**Records from a data source**
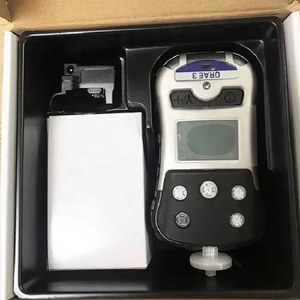 เครื่องตรวจจับก๊าซหลายชนิด RAE Systems ToxiRAE Pro PID PGM-2500 รุ่นใหม่และของแท้ พร้อมระบบเตือนด้วยเสียงและแสง รับประกัน 1 ปี - Product Image 2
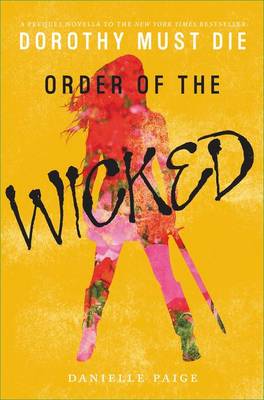 Cover of Order of the Wicked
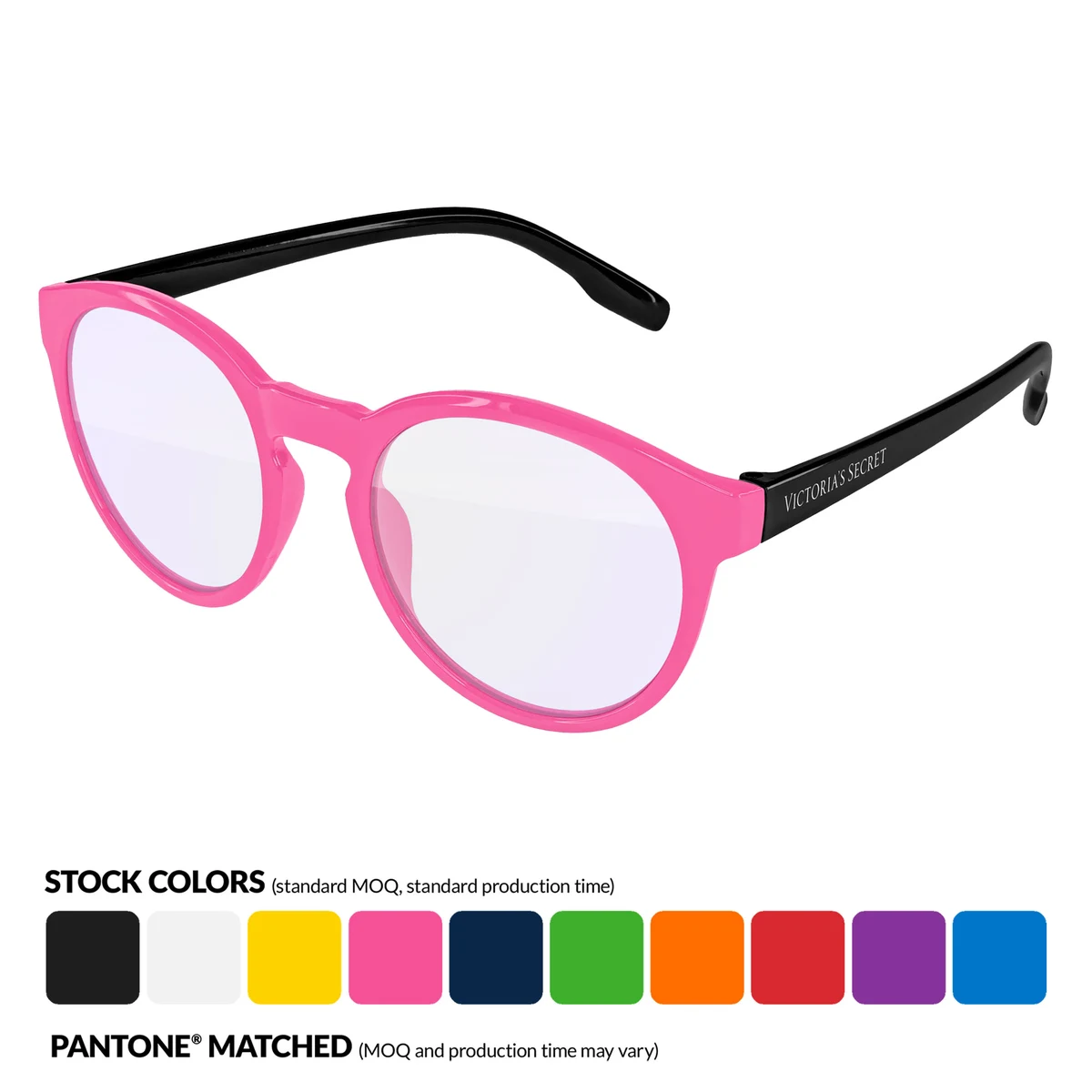 Vicky Blue Light Blocking Glasses 1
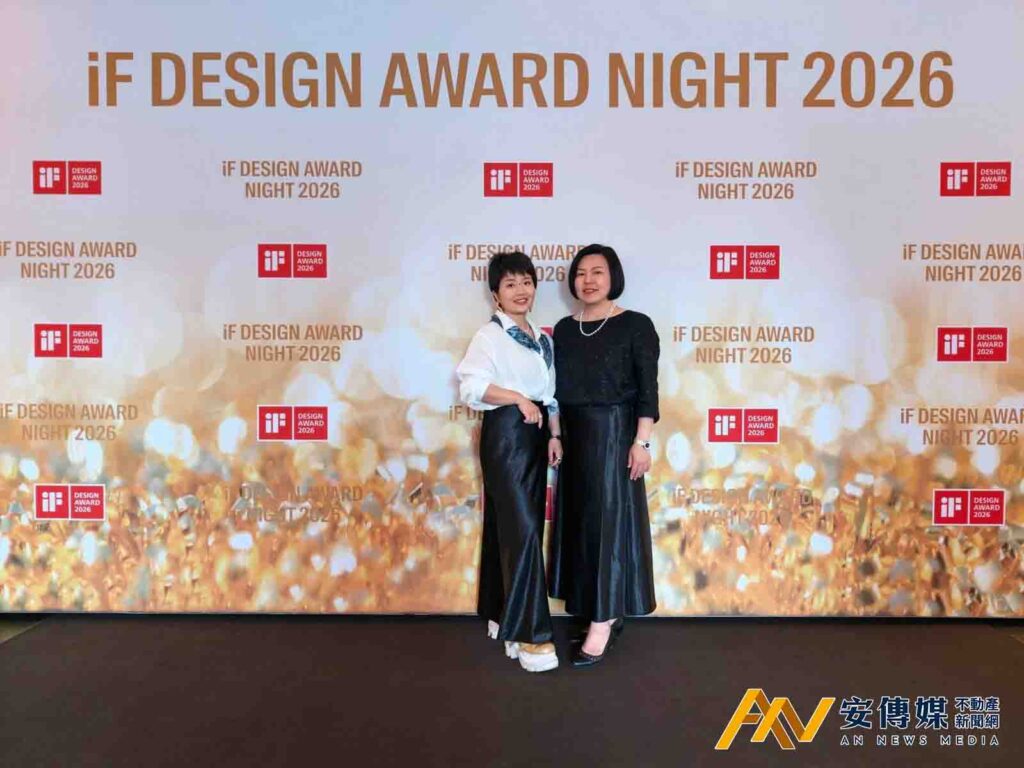 從米蘭紅到柏林 陶朱隱園再獲國際設計雙肯定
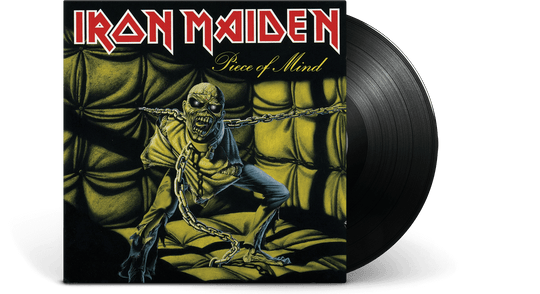 Iron Maiden : Piece of Mind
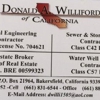 Donald A. Williford of California gallery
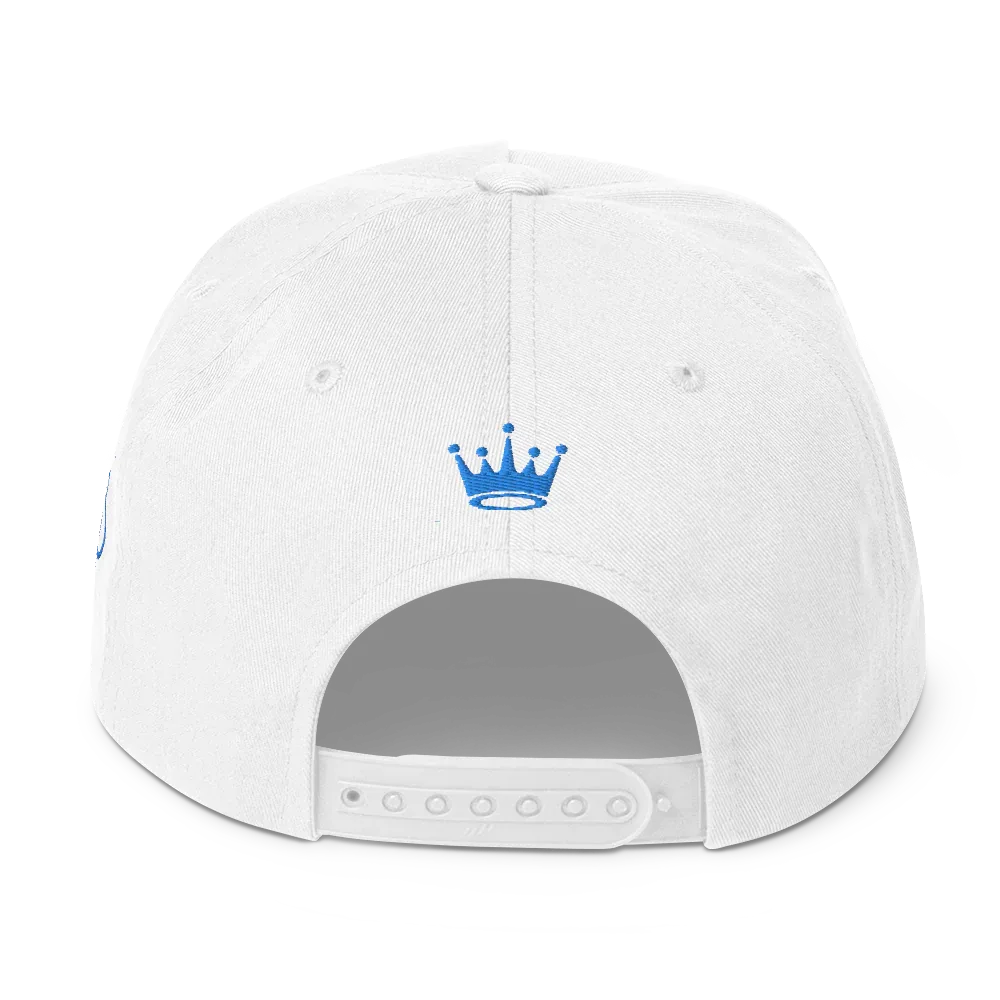 Gate33 Flat Bill Cap - Da G.A.T.E 33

**HOW TO COMPLETE THIS TASK**
The answer must be an exact copy of the records, with no images in it.

**ANSWER SECTION**
 เครื่องตรวจจับก๊าซหลายชนิด RAE Systems ToxiRAE Pro PID PGM-2500 รุ่นใหม่และของแท้ พร้อมระบบเตือนด้วยเสียงและแสง รับประกัน 1 ปี - Product Image 2
 Cover of Order of the Wicked
 Vicky Blue Light Blocking Glasses 1
 從米蘭紅到柏林 陶朱隱園再獲國際設計雙肯定
 Iron Maiden : Piece of Mind
 Donald A. Williford of California gallery
 Gate33 Flat Bill Cap - Da G.A.T.E 33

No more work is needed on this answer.